API reference
- class pymurtree.OptimalDecisionTreeClassifier.OptimalDecisionTreeClassifier(time: int = 600, max_depth: int = 3, max_num_nodes: int | None = None, sparse_coefficient: float = 0.0, verbose: bool = False, all_trees: bool = False, incremental_frequency: bool = True, similarity_lower_bound: bool = True, node_selection: int = 0, feature_ordering: int = 0, random_seed: int = 3, cache_type: int = 0, duplicate_factor: int = 1)
OptimalDecisionTreeClassifier is a class that represents a PyMurTree model.
- depth() int
Returns the depth of the tree.
- Parameters:
None
- Returns:
int
- Return type:
The depth of the tree.
- export_dot(out_file: str = '', feature_names: ndarray | None = None, class_names: Dict[int, str] | None = None) None
Export the decision tree in DOT format for visualization with Graphviz. DOT representation is written to out_file if given, otherwise it is displayed on screen (standard output)
- Parameters:
out_file ((str, optional)) – Name of the output file.
feature_names ((numpy.ndarray, optional)) – 1D Numpy array that represents the names of the features.
class_names ((dict, optional)) – Dictionary with int keys and str values that represent the class names.
- Return type:
None
- Raises:
ValueError – If fit method has not been called (self.__tree is None):
- export_text(out_file: str = '', feature_names: ndarray | None = None, class_names: Dict[int, str] | None = None) None
Creates a text representation of all the rules in the decision tree. Text is written to out_file if given, otherwise it is displayed on screen (standard ouput).
- Parameters:
out_file ((str, optional)) – Name of the output file.
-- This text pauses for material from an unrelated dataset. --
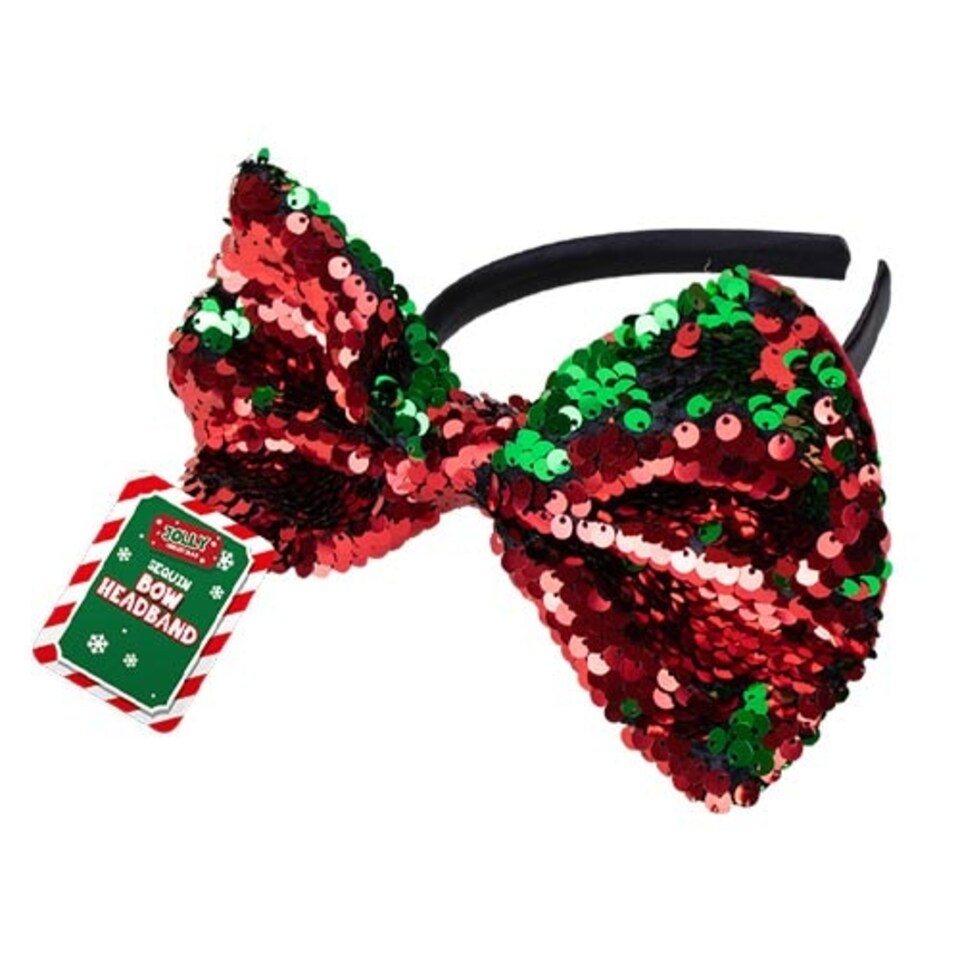 Reversible Sequin Bow Headband Christmas Fancy Dress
feature_names ((numpy.ndarray, optional)) – 1D Numpy array that represents the names of the features.
class_names ((dict, optional)) – Dictionary with int keys and str values that represent the class names.
- Return type:
None
- Raises:
ValueError – If fit method has not been called (self.__tree is None):
- fit(x: ndarray, y: ndarray, time: int | None = None, max_depth: int | None = None, max_num_nodes: int | None = None, sparse_coefficient: float | None = None, verbose: bool | None = None, all_trees: bool | None = None, incremental_frequency: bool | None = None, similarity_lower_bound: bool | None = None, node_selection: int | None = None, feature_ordering: int | None = None, random_seed: int | None = None, cache_type: int | None = None, duplicate_factor: int | None = None) None
Fits a PyMurTree model to the given training data.
- Parameters:
x ((numpy.ndarray)) – A 2D array that represents the input features of the training data.
y – (numpy.ndarray): A 1D array that represents the target variable of the training data.
time ((int, optional)) – The maximum time budget in seconds allowed for fitting the model. Defaults to None.
max_depth ((int, optional)) – The maximum depth of the trees in the ensemble. Defaults to None.
max_num_nodes ((int, optional)) – The maximum number of nodes for each tree in the ensemble. Defaults to None.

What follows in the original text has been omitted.